Lisa Squire lanzó la campaña “It Does Matter” (Sí Importa), instando a las mujeres a denunciar cualquier comportamiento inapropiado, por pequeño que parezca, y exigiendo a la policía y al gobierno que tomen en serio estas denuncias, que se invierta en tratamientos preventivos y en una base de datos más estricta. Su lucha es para que la muerte de su hija no sea solo una estadística más en los archivos policiales, sino el catalizador de un cambio sistémico real.
Hoy, en la Universidad de Hull, hay un banco y un árbol joven dedicados a la memoria de Libby. Los estudiantes pasan por allí a diario camino a sus clases de filosofía, tal vez sin saber que una chica como ellos, llena de sueños, teorías sobre la vida y amor por sus amigos, caminó por esos mismos senderos hasta que una noche el mal puro se cruzó en su camino.

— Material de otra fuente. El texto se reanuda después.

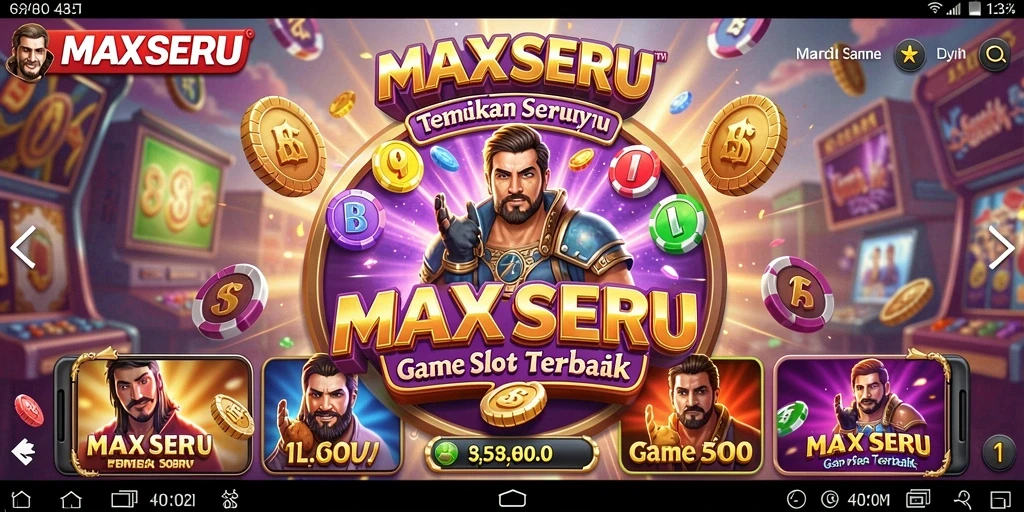 Tampilan gameplay seru MAXSERU yang penuh warna dan berbagai tema menarik.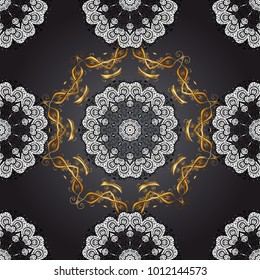 Paisleys elegant floral vector seamless pattern background wallpaper illustration with vintage stylish beautiful modern 3d line art gold and gray, black and white paisley flowers, doodles, leaves.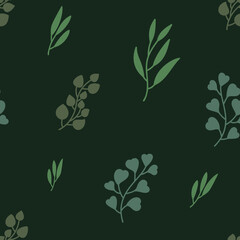 Seamless pattern eucalyptus leaves. Neutral green colors illustration isolated on dark. For fabric, print, textile, decor room, background, wallpaper. Vector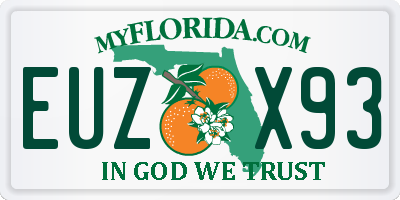 FL license plate EUZX93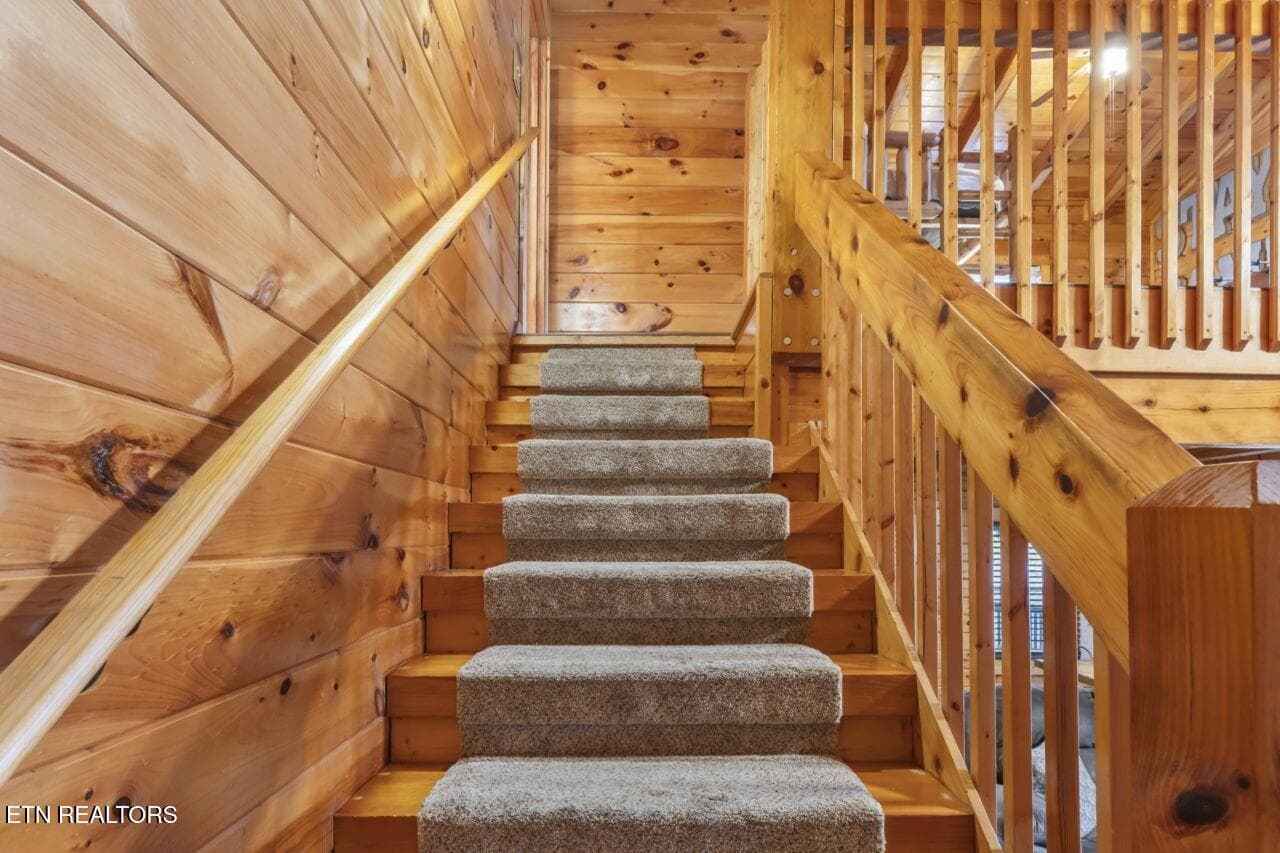 Stairs to Upper Level - 526 Blackberry Ridge Way, Pigeon Forge, TN 37863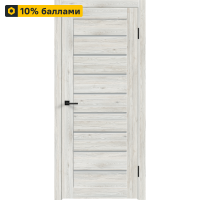 Дверь межкомнатная остекленная с замком и петлями в комплекте Тиволи 90x200 см ПВХ цвет рустик серый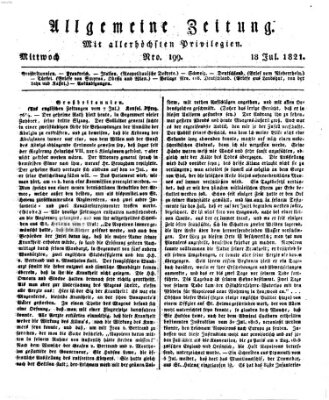 Allgemeine Zeitung Mittwoch 18. Juli 1821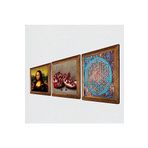 Pinecone Yaşam Çiçeği, Leonardo da Vinci Mona Lisa, Nar Taş Duvar Tablosu - Ahşap Çerçeveli Taş Tablo - 25x25 cm - 3 Parça Set - Dekoratif Duvar Sanatı - Modern Ev ve Ofis Duvar Dekoru W3-1430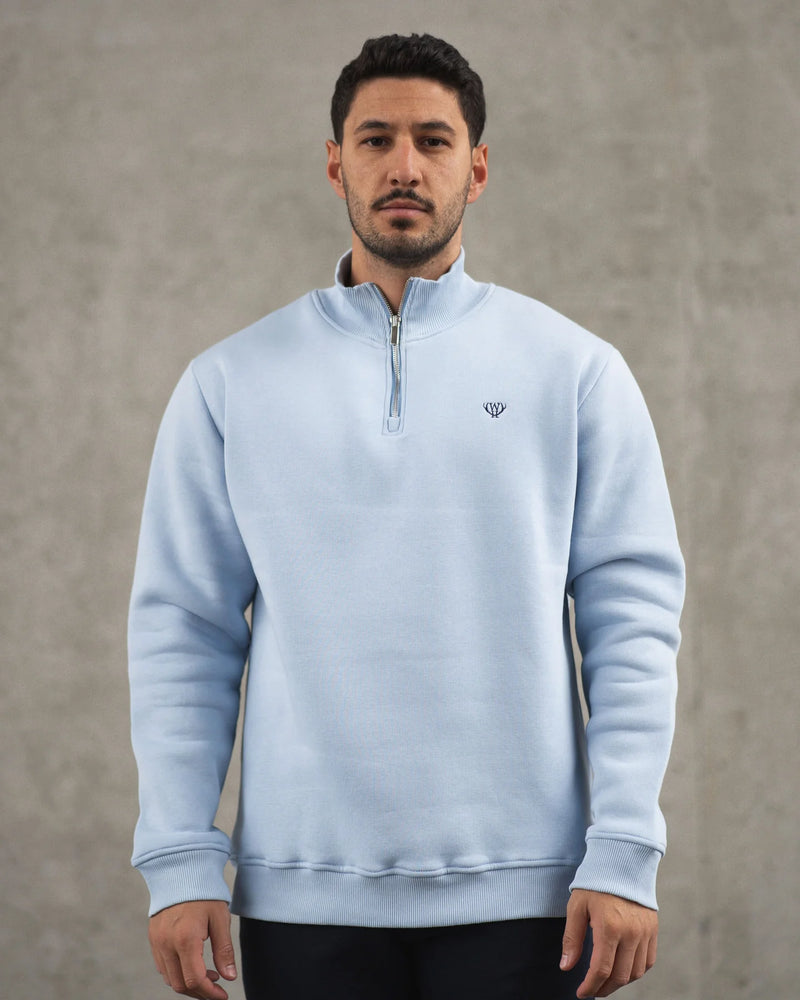 Zach 1/4 Zip Sweatshirt - Powder Blue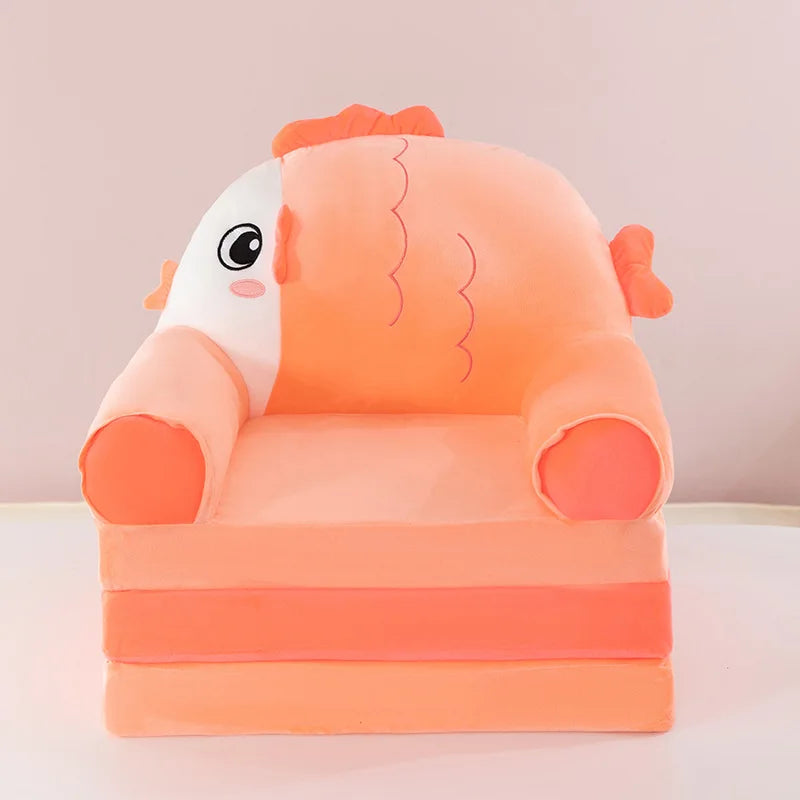 Foldable 3-Layer Plush Kids Sofa Chair Cartoon Baby Seat with Removable Cover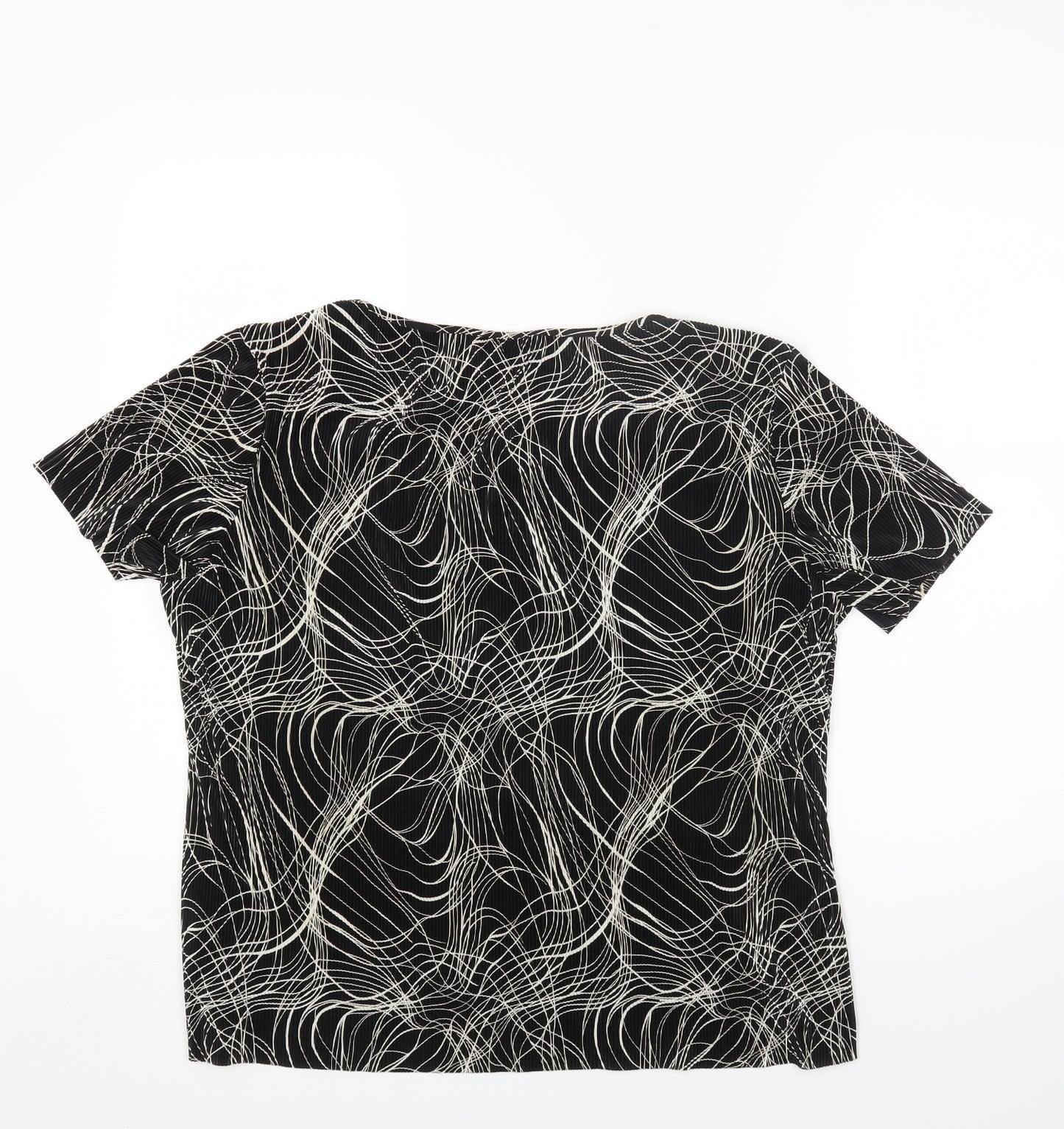 Marks and Spencer Womens Black Geometric Polyester Basic T-Shirt Size 18 Round Neck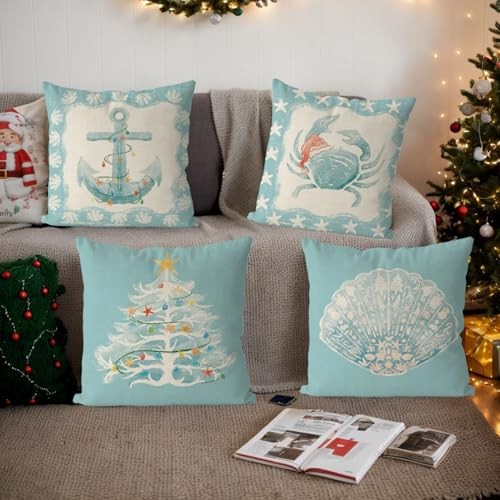 Christmas Pillow Covers Coastal Beach Christmas Decor Retro Xmas Throw 18"x18"
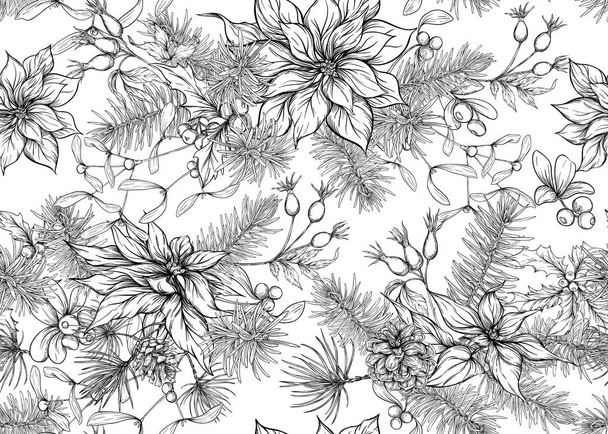 Seamless pattern, background with green Fir Branches and red flowers and berries, Christmas decoration.  Graphic drawing, engraving style. vector illustration. - Vektori, kuva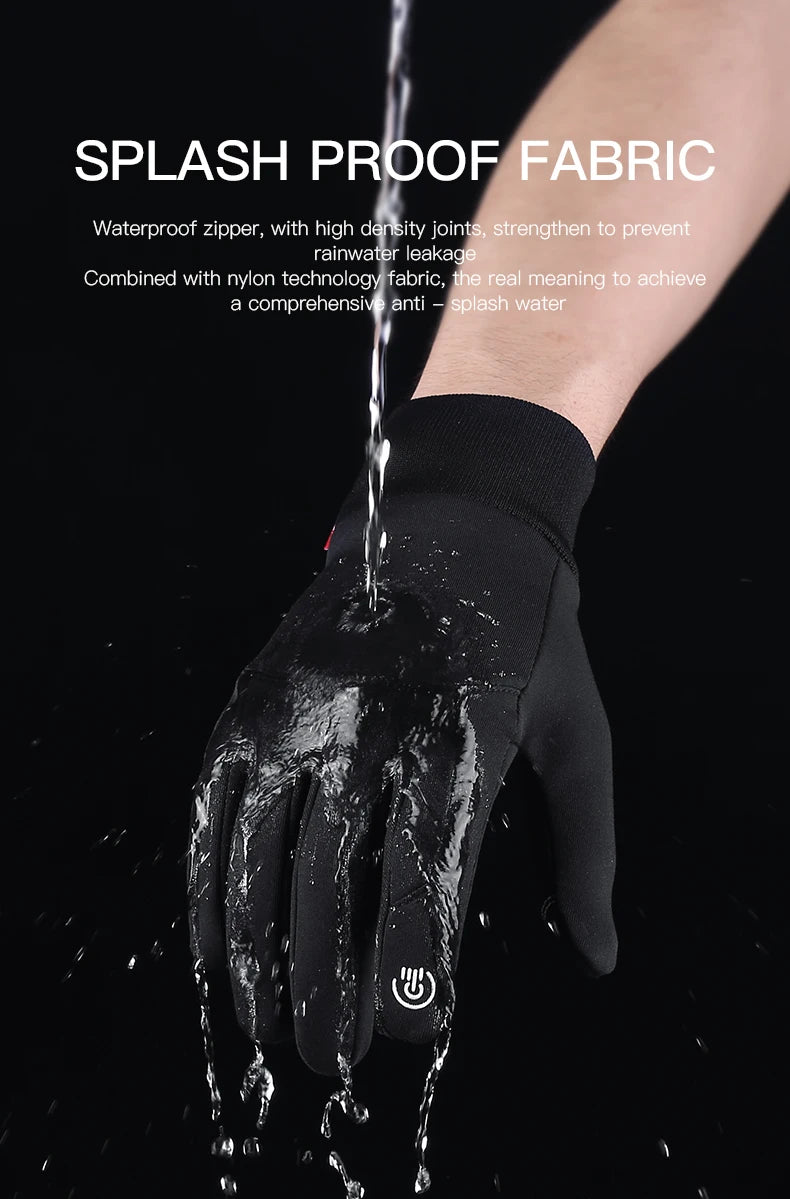 Outdoor Sports Autumn Winter Cycling Gloves Men Splash Proof Warm Windproof Touchscreen Anti-slip Motorbike Gloves Men Black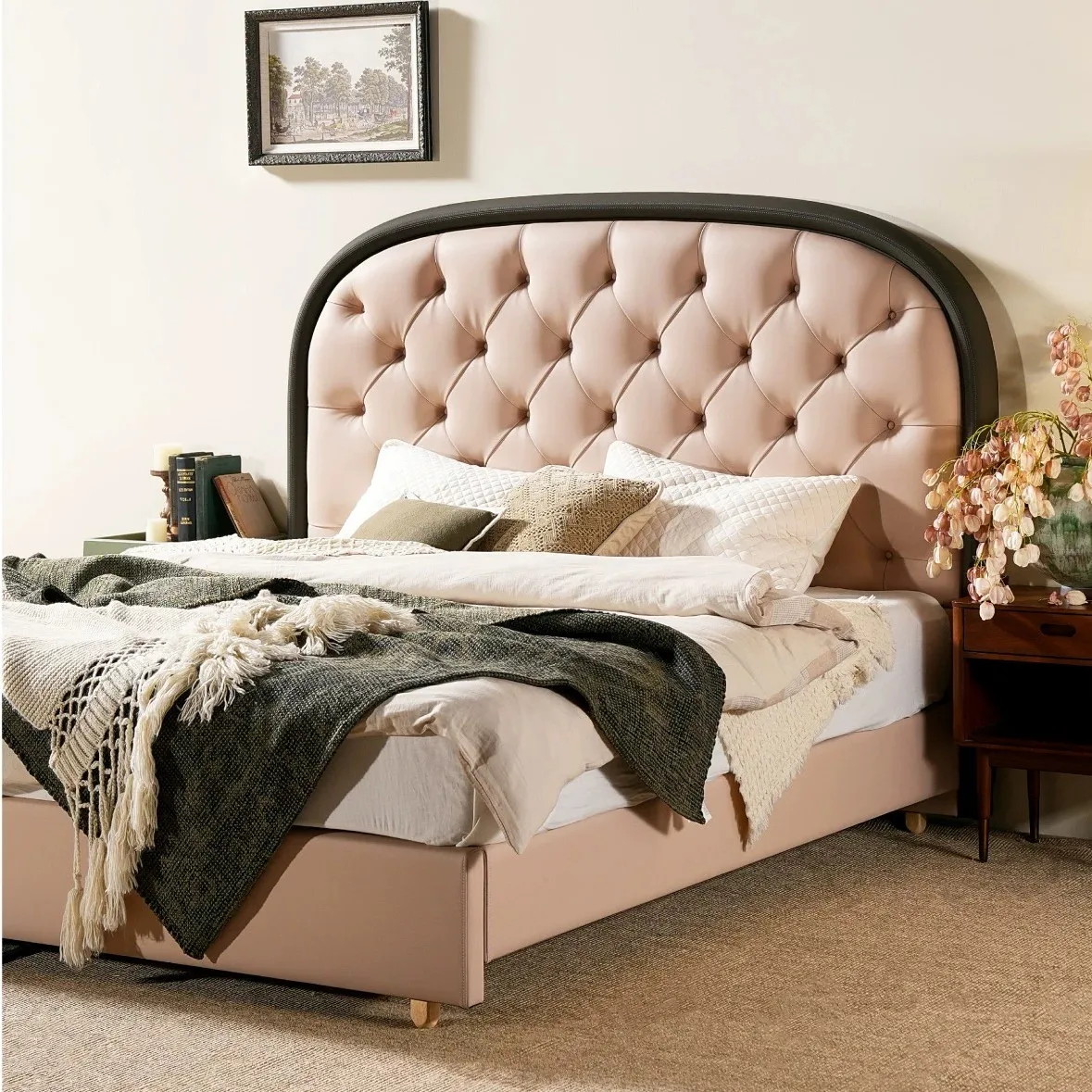 *Donut Bed French Retro Leather Bed - Flush Side for Master Bedroom, Modern Minimalist Pink Princess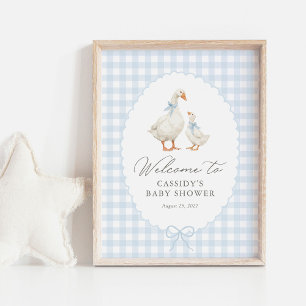 Blue Gingham Silly Goose Baby Shower Welcome Sign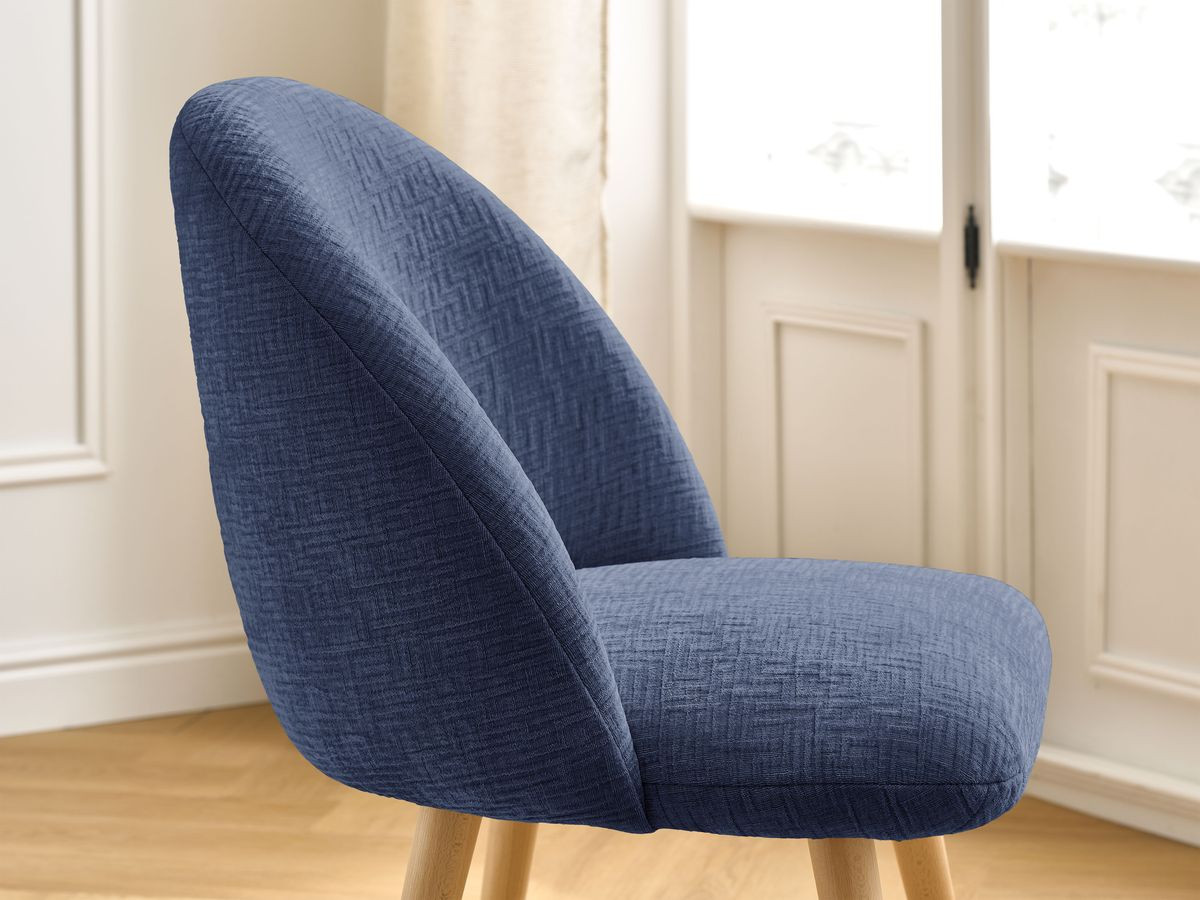 Chaise LALIE tissu texturé et pieds scandinaves bois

El caso de Libby Squire nos deja con una sensación de inquietud que no se quita con una sentencia carcelaria. Nos obliga a mirar a nuestro alrededor cuando caminamos de noche. Nos hace cuestionar la seguridad de nuestros taxis, de nuestras calles iluminadas, y la eficacia de quienes deben protegernos.
Pero sobre todo, nos deja con la imagen indeleble de una chica en la nieve, rechazando ayuda porque creía que podía llegar a casa sola, confiando en su independencia, sin saber que el verdadero peligro no era el frío ni el alcohol, sino el hombre que la observaba pacientemente desde un coche plateado, esperando el momento perfecto para atacar.
La pregunta que queda flotando en el aire, densa como la niebla de Hull aquella noche de enero, es: ¿Cuántos Relowicz hay ahora mismo ahí fuera, espiando por una ventana, robando una prenda íntima, preparándose para su próxima “graduación”, mientras nosotros miramos hacia otro lado creyendo que son “delitos menores”?
Libby no tuvo una segunda oportunidad. Nosotros, como sociedad, todavía la tenemos. La cuestión es si haremos algo al respecto o esperaremos al próximo titular.